Perceptions and attitudes have some ambiguity concerning their use. Some of the researchers differentiate between them, but the others use them interchangeably. How can you disambiguate between them?
Colloquially, I would indeed use them in a similar way. (I can have a positive or negative perception of a person, and call my judgment on the totality of information I have on something my "perception" of that thing - and I might replace "perception" with "attitude" and basically communicate the same thing.)
In the context of academic psychology, I would use "perception" in a much more narrow and distinct way - namely, as the result of the processing of sensory input, and as something that happens early during information processing.
Attitudes, on the other hand, always involve some sort evaluative judgment on a person, object or situation - albeit this does not have to neccessarily be something I can explicitly report. This also suggests that attitudes occur later and are built "on top of" perception.

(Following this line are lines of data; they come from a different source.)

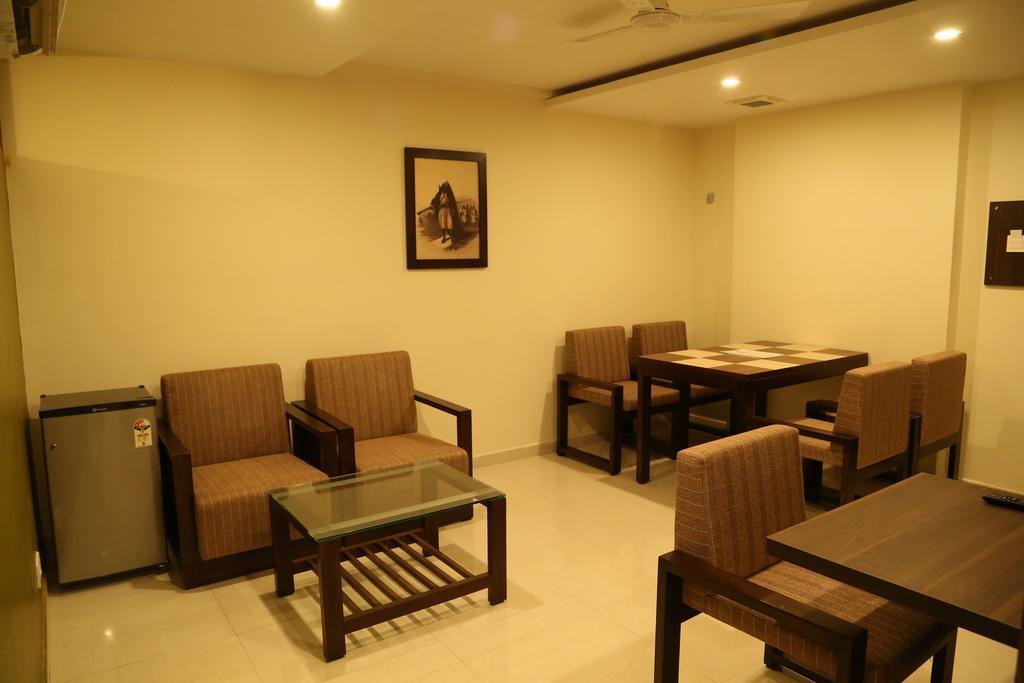 Hotel Metropolis Hubli Ruang foto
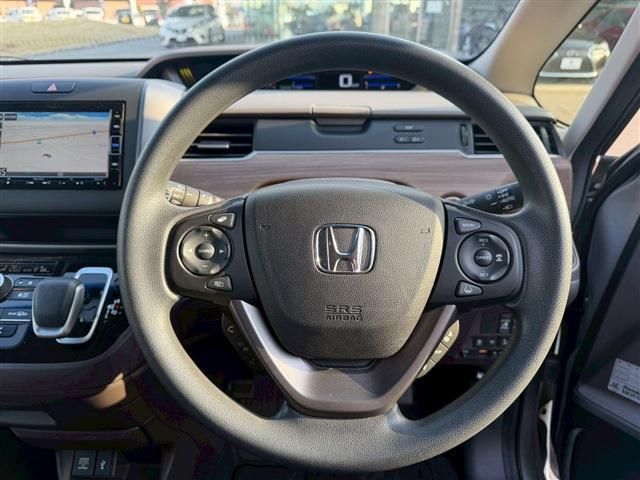 HONDA FREED HYBRID 2021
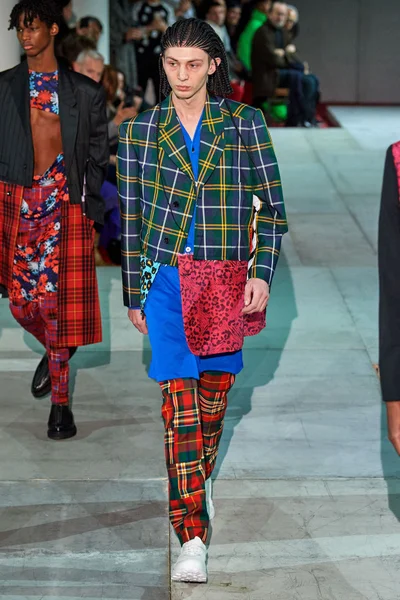 Look 4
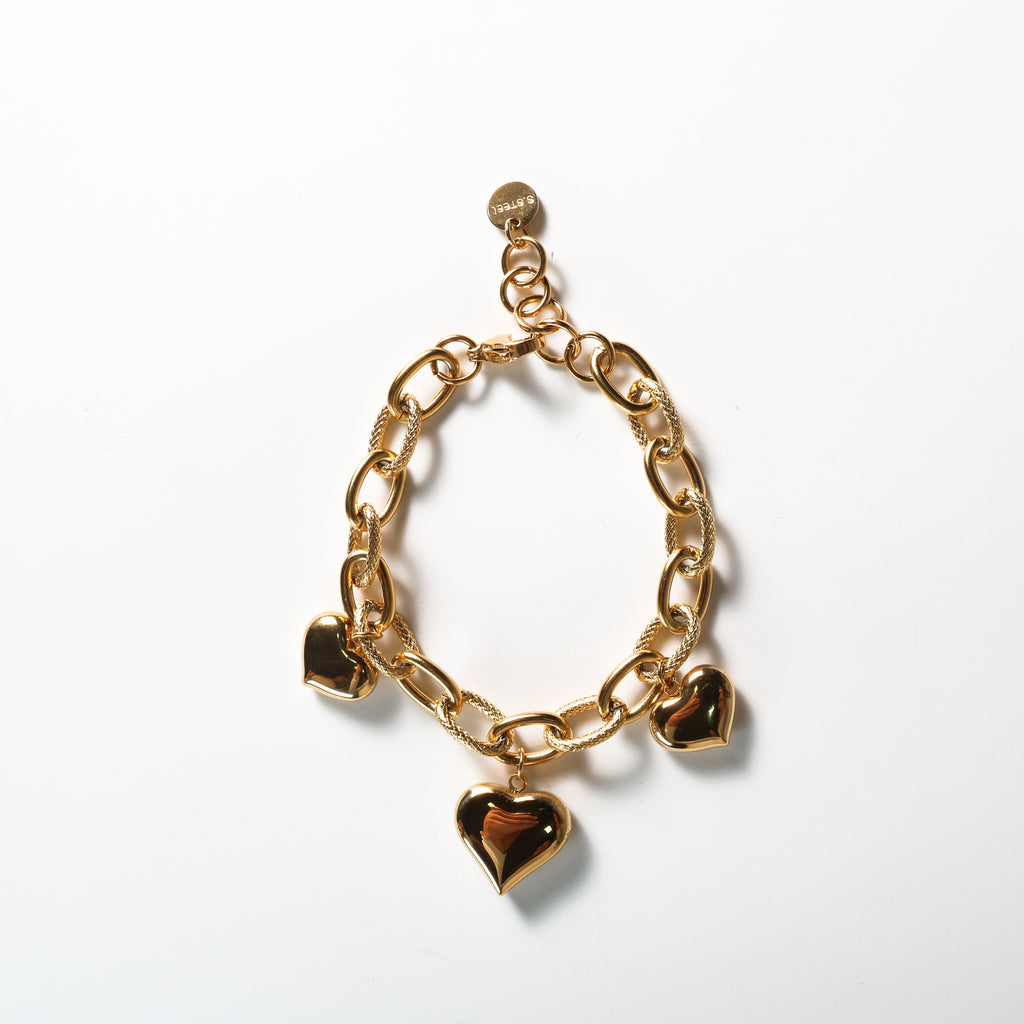Bracciale catena acciaio con cuori pendenti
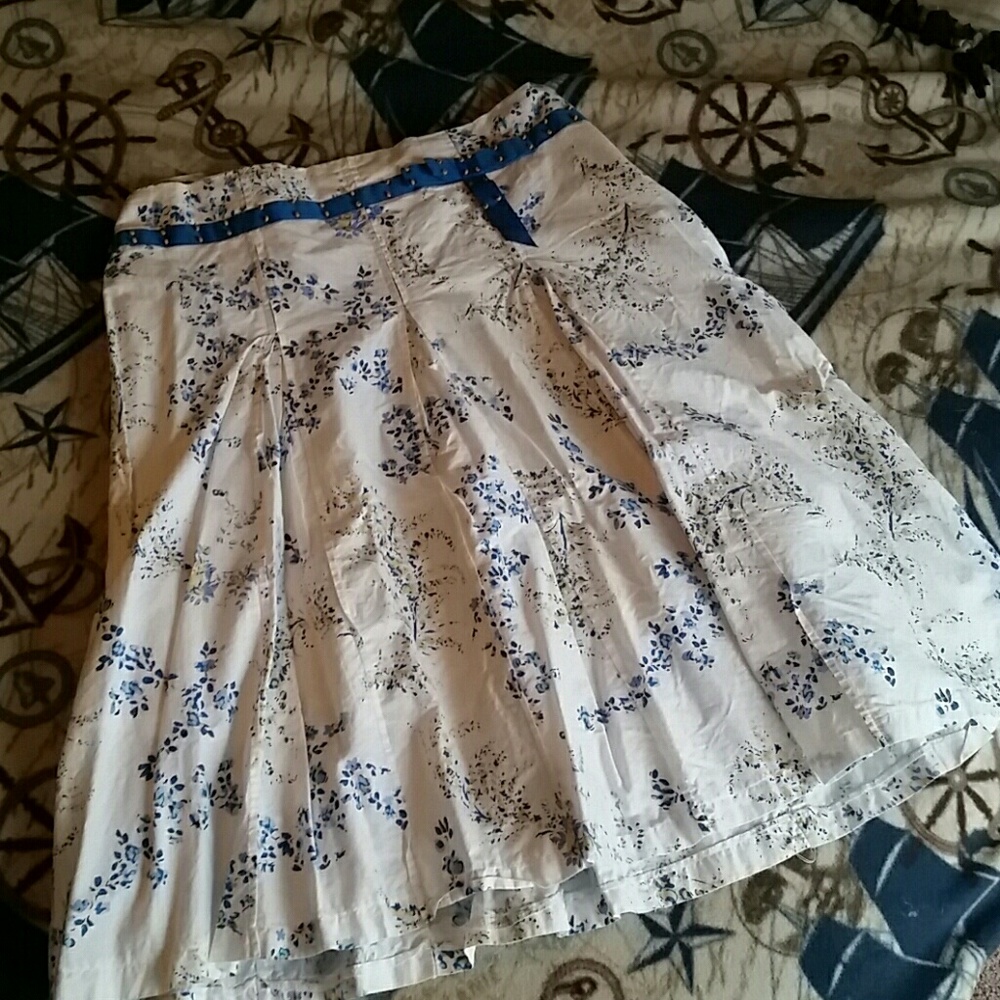 Knee Length Skirt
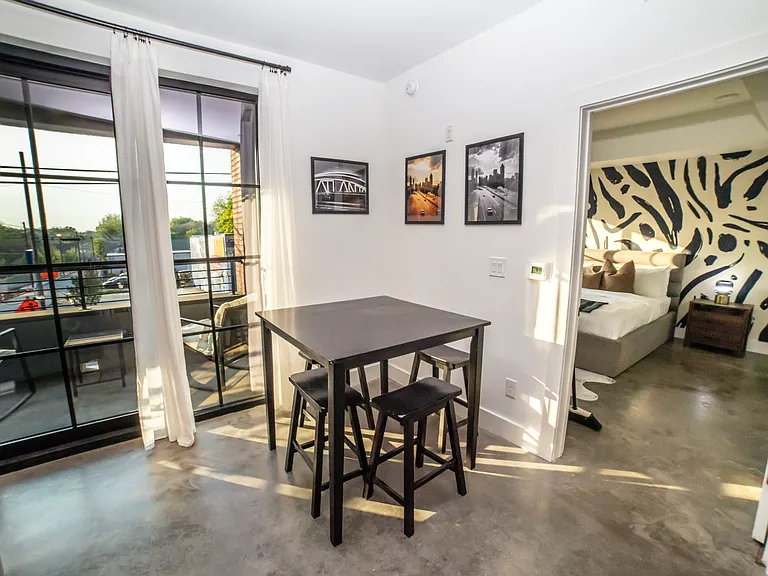 346 Peters St SW #102 — Photo 5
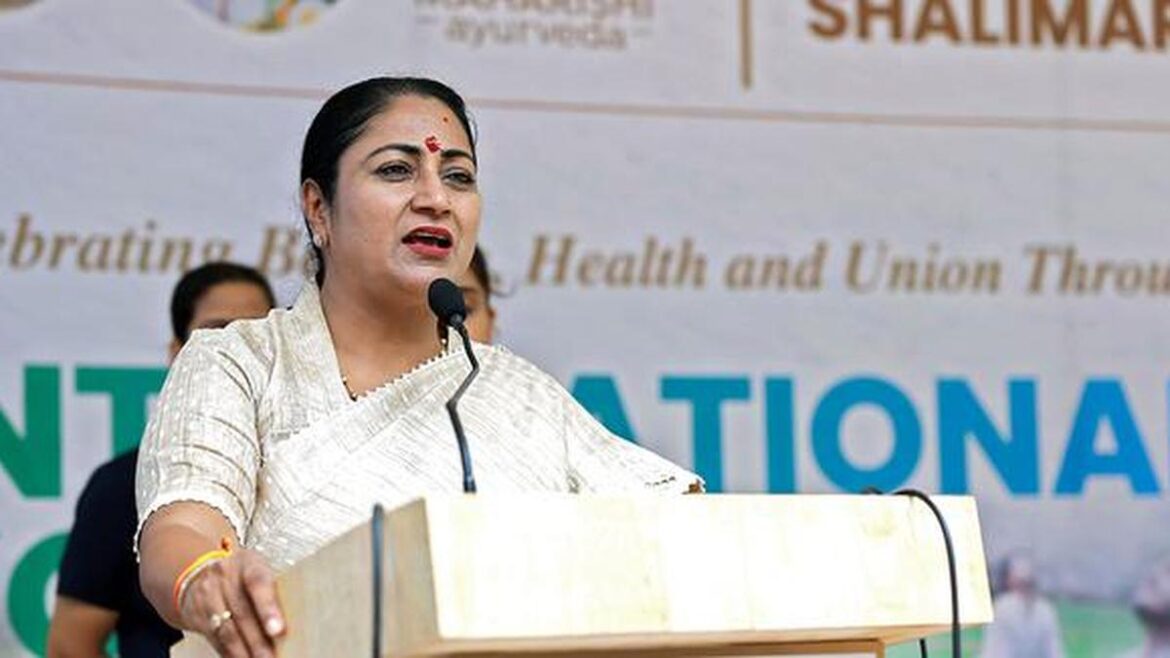 दिल्ली की झुग्गी-झोपड़ियों का विकास अब धारावी मॉडल पर होगा, जानिए क्या है CM REKHA सरकार की योजना।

But I agree that your mileage can vary greatly by field and even authors. If definitions aren't provided, that leaves working your backward from the authors' use of the terms, which may very not allow for a distinction between the two.
While I believe that Julia Englert 's answer is fully correct, I would make a decisive plea for observing the differences between the concepts of perception and attitude in scientific writings.
The word "perception" is properly used either for the process of identifying objective properties of an entity through the senses or for the result of that process (This does not mean that there are no misperceptions or perceptual illusions). The word "attitude" on the other hand means a subjective stance towards existing things that are either currently perceived or known by the person who has the attitude.
An utterance like "I perceive this person's behaviour as antisocial" always generates the impression that the speaker conveys a fact, even though it is nothing but an opinion. I therefore strongly advocate for avoiding the misleading interchange of "perception" and "attitude", and for consistently correcting people who fail to distinguish between the respective concepts.